I have done this before. You need to get the plastisol remover liquid and a pressure gun to spary it to the garmet. My partner has one @ home and I think he got it @ silkscreeningsuplies.com.
You can take polastisol out even if it is cured already. I know cuz I've done it. I dont know if it will work in all cases or not. Anyways, I dont think it is cost efective or productive to buy this equipment and liquid to remove ink from only one shirt.


----------



## Fluid

even with spot remover fluid you can damage a shirt. Depending on the color of the shirt and the inks you might not get all of the ink off.
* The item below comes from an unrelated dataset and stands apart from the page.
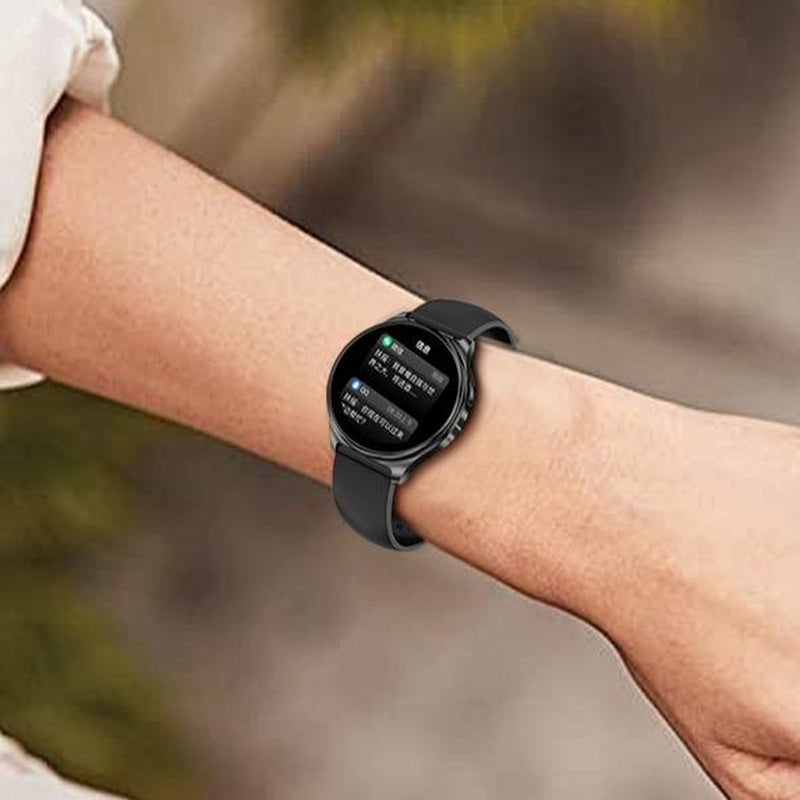 BLACK X11 2In1 Smartwatch with Earbuds, Fitness Tracker, TWS, NFC, Multi-Sport Mode, BT, Ios/Android, Stylish Wearable, Gift for Men/Women. Bluetooth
Large areas tend to leave a haze of the ink and remover (spot fluid) if used in large amounts.
That shirt looks like it may be be pigment dyed and if so, the spot remover fluid will remove the dye as well. 

I wonder how many times I can say my name in this thread


----------



## Titere

Fluid said:


> I wonder how many times I can say my name in this thread



 LOL .......


----------



## vctradingcubao

Maybe you can just print a bigger design on opaque transfers, and cover the unwanted prints.


----------



## mystysue

Sometimes.. you need to just think about the time involved and that time is money...... When you concider the time involved in removing the image from the shirt.. and figure out your per hour rate of what you should be paid.. You will prolly find out its much easier and cheaper to get a new blank shirt.. We deal with this kinda thing all the time in the sign business.. like customers that come in and want to reuse a banner and have us remove all the vinyl etc.. and put new on.... My hourly shop rate is 85.00 an hour.. If i spent 30 mins removing an old graphic from a shirt or sign.. that would be 42.50 worth of time used up.. I could have purch. that item again blank.. and saved money..and the frustration.

just my 2 cents..
sue


----------



## camscam

I used franmar ink degradant on smudges of uncured plastisol and removed successfully.


----------



## badalou

So I saw this post..mmm I thought..I wonder if the T-saver (used for removing vinyl) would work.. the answer is no.. Then I tried the solvent that is used to remove ink from plastisol screen.. I made a mess. so that is my 3 cents..


----------



## riahllander

Is there's a way to remove transfer paper on t-shirt?


----------



## w0rldk1tty

riahllander said:


> Is there's a way to remove transfer paper on t-shirt?


i've removed transfer paper off jean before, it's not easy though. i used rubbing alcohol and A LOT of scrubbing, i think you'd probably damage any other material using this method however.


----------